Horizontal scaling

The Quix SDK provides horizontal scaling out of the box via the streaming context. This means a data scientist or data engineer does not have to implement parallel processing themselves.

Imagine the following example:

QuixHorizontalScaling1
Figure 1. Horizontal scaling initial state

Each car produces one stream with its own time-series data, and each stream is processed by each replica of the deployment, labelled "Process". By default the message broker will assign each stream to one replica via the RangeAssignor strategy.

Now, one of the replicas crashes (the purple one), and the "stream 4" is assigned automatically to the blue replica.

QuixHorizontalScaling2
Figure 2. Purple replica crashes

This situation will trigger an event on the SDK in the blue replica indicating that "stream 4" has been received:

  • Python

  • C#

def read_stream(new_stream: StreamReader):
    print("New stream received:" + new_stream.stream_id)

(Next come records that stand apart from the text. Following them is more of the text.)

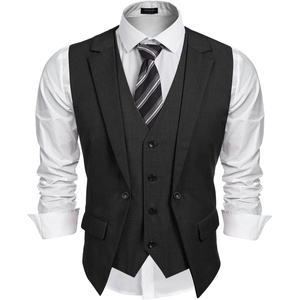 image:imageCOOFANDY Mens Layered Suit Vest Business Dress Vests Formal Wedding Waistcoat Slim FitPure Black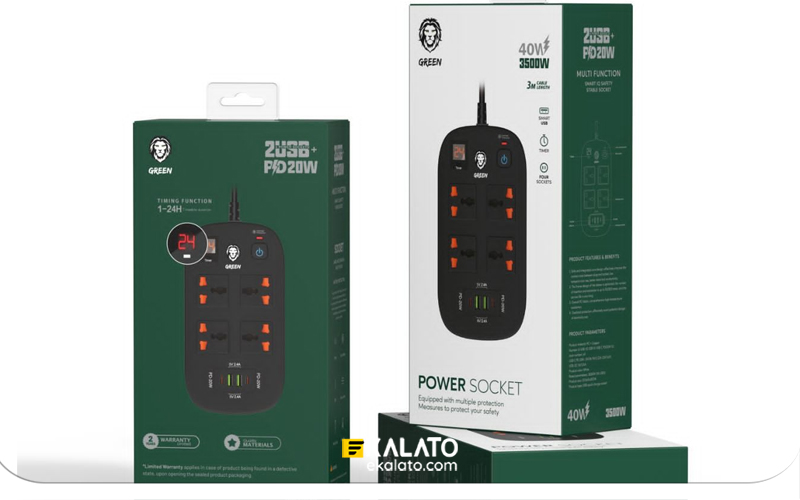 چند راهی برق گرین لاین مدل GL-PS8A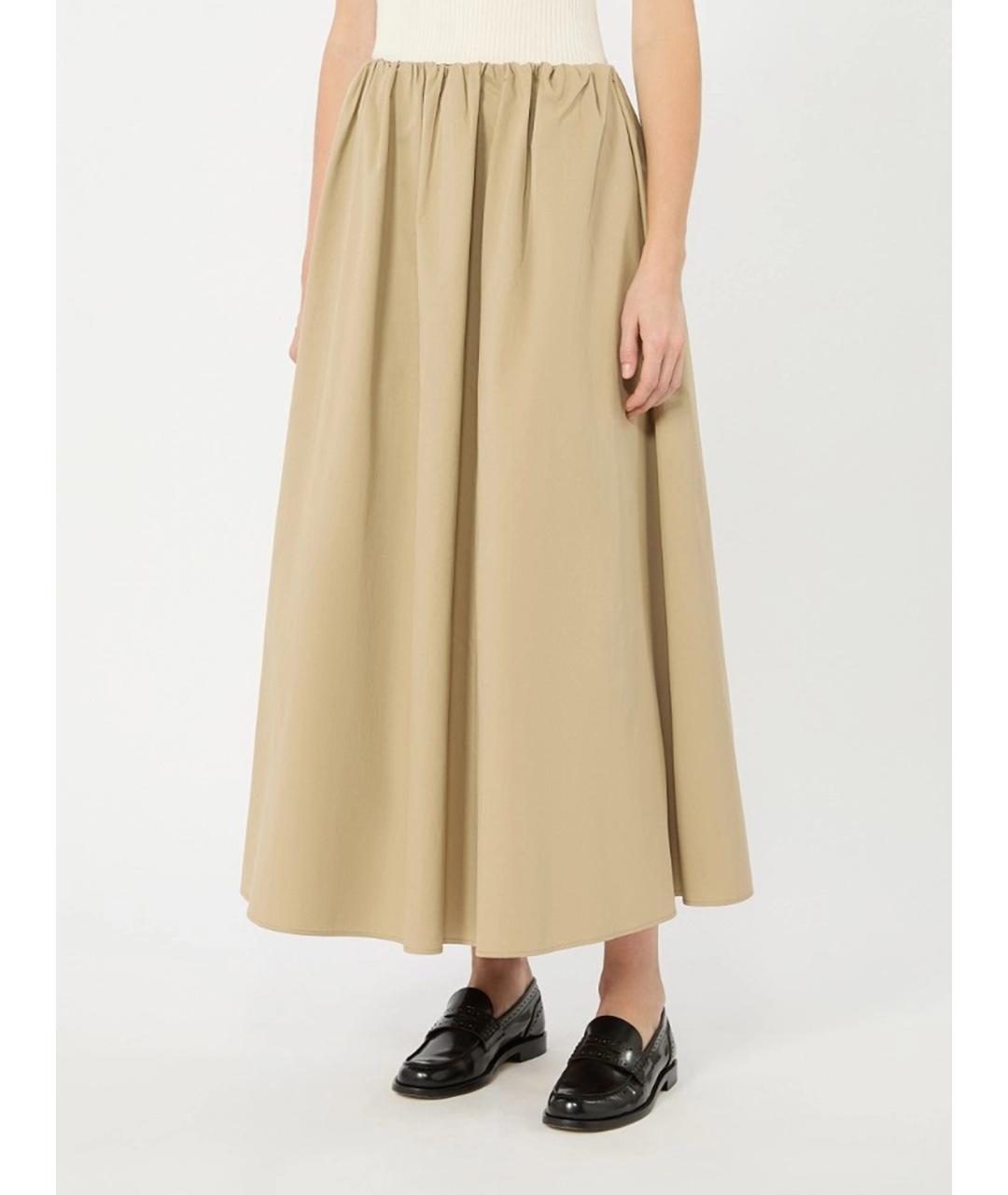 WEEKEND MAX MARA Бежевая хлопковая юбка миди, фото 3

input_topic.on_stream_received += read_stream
inputTopic.OnStreamReceived += (s, newStream) =>
{
    Console.WriteLine($"New stream received: {newStream.StreamId}");
};

output on blue replica:

New stream received: stream 4

When the purple replica has restarted and becomes available again, it takes back control of "stream 4".

QuixHorizontalScaling3
Figure 3. Purple replica has been restarted

This will trigger two events, one in the blue replica indicating that "stream 4" has been revoked, and one in the purple replica indicating that "stream 4" has been assigned again:

  • Python

  • C#

def read_stream(new_stream: StreamReader):
    print("New stream received:" + new_stream.stream_id)

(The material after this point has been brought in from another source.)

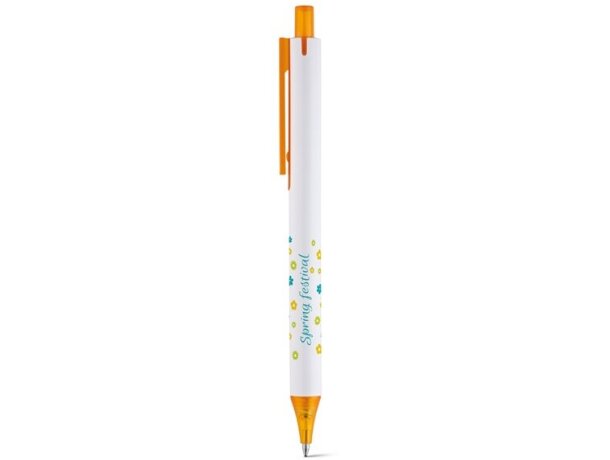 Bolígrafo publicitario en blanco para serigrafiar naranja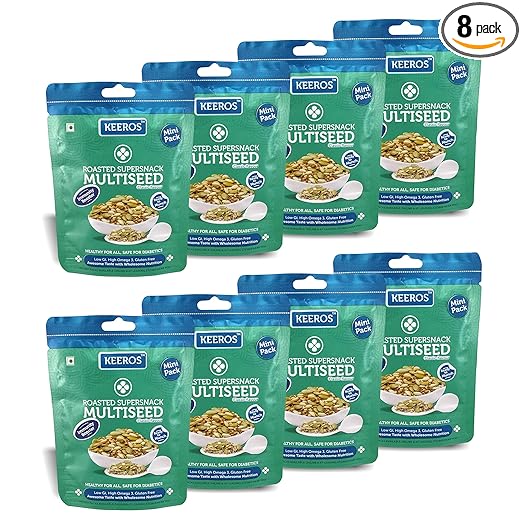 Keeros Multi Seeds Trail Mix : Healthy & Tasty Immunity Booster Snacks with Roasted Flax Seeds, Pumpkin Seeds, Watermelon Seeds, Sesame Seeds & Dry Dates | Ready To Eat Snacks | 43g x 8 Mini Packs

def streams_revoked(streams_revoked: [StreamReader]):
    for stream in streams_revoked:
        print("Stream revoked:" + stream.stream_id)

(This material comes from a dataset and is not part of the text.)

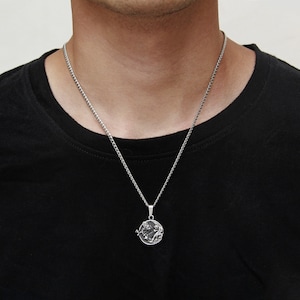 Mens Silver Necklace Pendant Ying Yang Dragon & Tiger Pendant Necklace Stainless Steel, Mens Necklace Pendants for Men, Gifts For Him / Man image 2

input_topic.on_stream_received += read_stream
input_topic.on_streams_revoked += streams_revoked
inputTopic.OnStreamReceived += (s, newStream) =>
{
    Console.WriteLine($"New stream received: {newStream.StreamId}");
};

inputTopic.OnStreamsRevoked += (s, streamsRevoked) =>
{
    foreach (var stream in streamsRevoked)
    {
        Console.WriteLine($"Stream revoked: {stream.StreamId}");
    }
};

Output on the blue replica:

Stream revoked: stream 4

Output on the purple replica:

New stream received: stream 4

The same behaviour will happen if we scale the "Process" deployment up or down, increasing or decreasing the number of replicas. Kafka will trigger the rebalacing mechanism internally and this will trigger the same events on the Quix SDK.

Rebalancing mechanism and Partitions

Kafka uses partitions and the RangeAssignor strategy to decide which consumers receive which messages. Partitions and the Kafka rebalancing protocol are internal details of the Kafka implementation behind the Quix SDK. You don’t need to worry about them because everything is abstracted within the Streaming Context feature of the SDK. The events described above will remain the same, even if the SDK uses another Message Broker technology or another rebalancing mechanism in the future.

Because of how the Kafka rebalancing mechanism works, you should follow one golden rule: you cannot have more replicas than the number of partitions the input Topic has.